Anna Aloysia Maximiliane Louise von Lamberg (1676 – 28 June 1738), also known as Countess Esterle, was an Austrian countess who was successively the mistress of Augustus II the Strong, King of Poland, and Aleksander Benedykt Sobieski.

== Early life ==
Born into the Austrian House of Lamberg, Anna Aloysia Maximiliane was the only daughter of Austrian nobleman Kaspar Friedrich Count von Lamberg-Kunstadt (1648-1686) by his first wife, Countess Marie Franziska Theresia Hieserle von Chodau (d. 1684), a Bohemian noblewoman.

== Court life ==
In 1695, she married firstly her cousin, Count Franz Michael Hiserle von Chodau (Hýzrle z Chodů) (1649–1709). She became the mistress of Augustus II the Strong in either 1696, with the affair lasting until 1699, or 1704 (the latter date favoured by the author of Sex with Kings).

Her first husband divorced her in 1697, and, in 1698, she married Count Gustav Hannibal von Oppersdorff (died 1744). On 1 November 1698, she gave birth to a son, Count von Oppersdorff, whose father was supposedly Augustus II. The child died soon after birth.
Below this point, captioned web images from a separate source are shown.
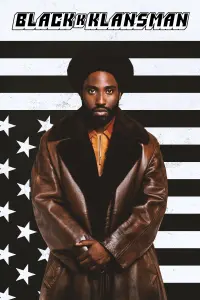 Poster to the movie "BlacKkKlansman" #210244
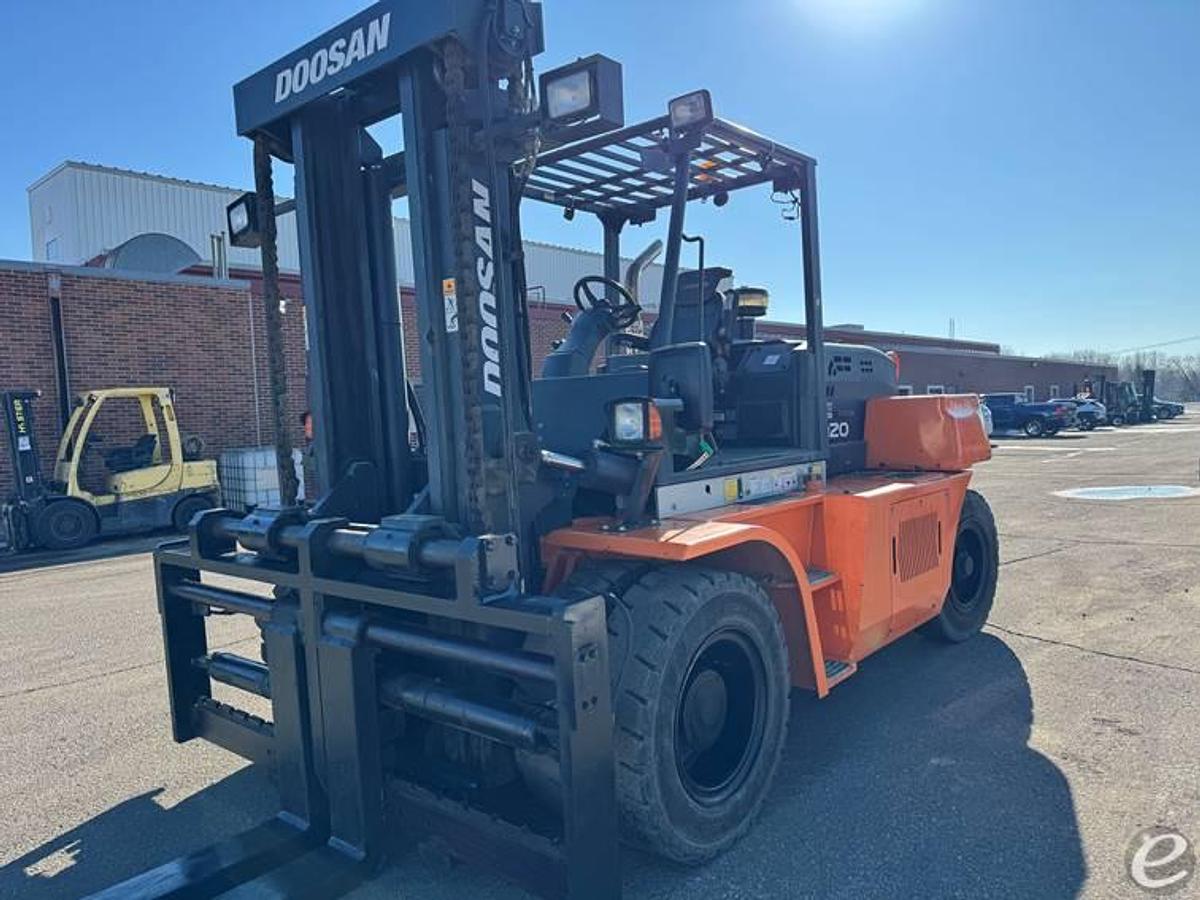 2017 DOOSAN D120S-7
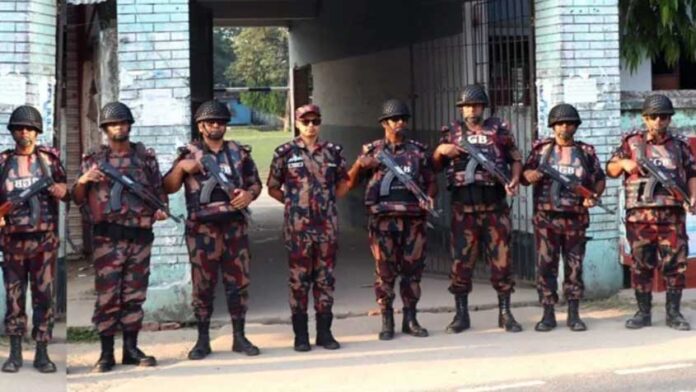 তিন গুরুত্বপূর্ণ পয়েন্টে বিজিবি মোতায়ন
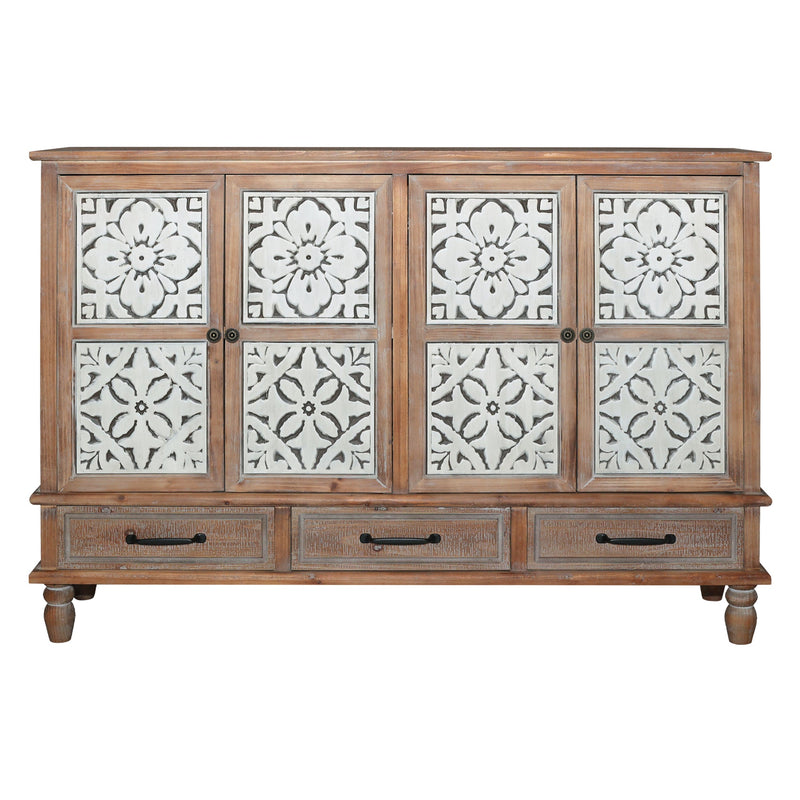 Chic Distressed Cabinets with Ample Storage - Multicolor, photo 10 of 10
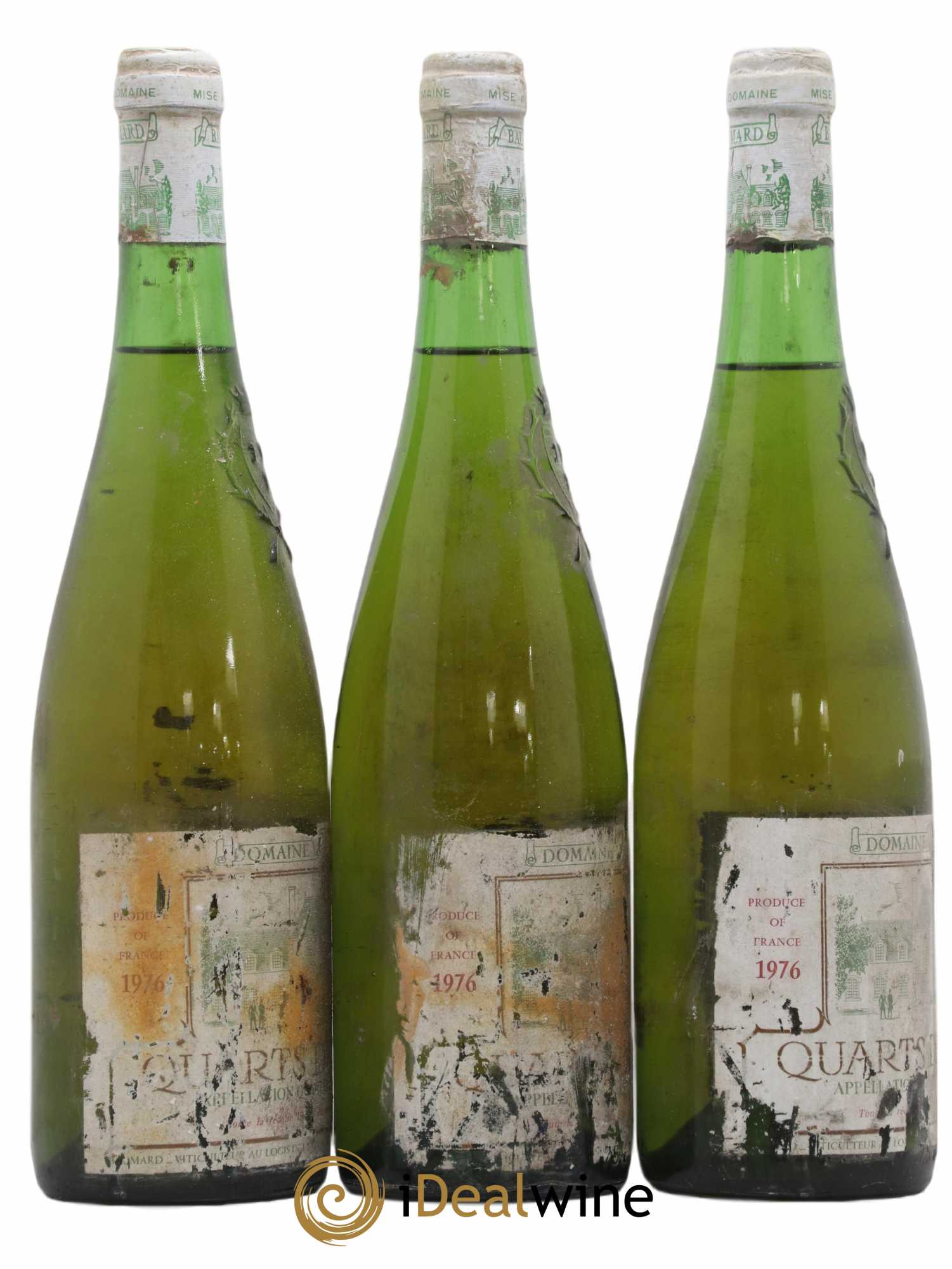 Quarts de Chaume Baumard (Domaine des) 1976 - Lotto di 3 bottiglie - 1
Her relationship with Augustus II ended when the "playboy king" discovered that Maximiliane had been having affairs with several gentlemen at the court; she was given a day to leave the country.

Later, in Wrocław, she became the mistress of Prince Aleksander Benedykt Sobieski, who had been Augustus's rival in the 1697 election for the Polish throne. She died on 28 June 1738 in Wrocław. Her second husband, Count Gustav Hannibal von Oppersdorff (Oppersdorf), died on 29 December 1744 in Kostelec nad Orlicí.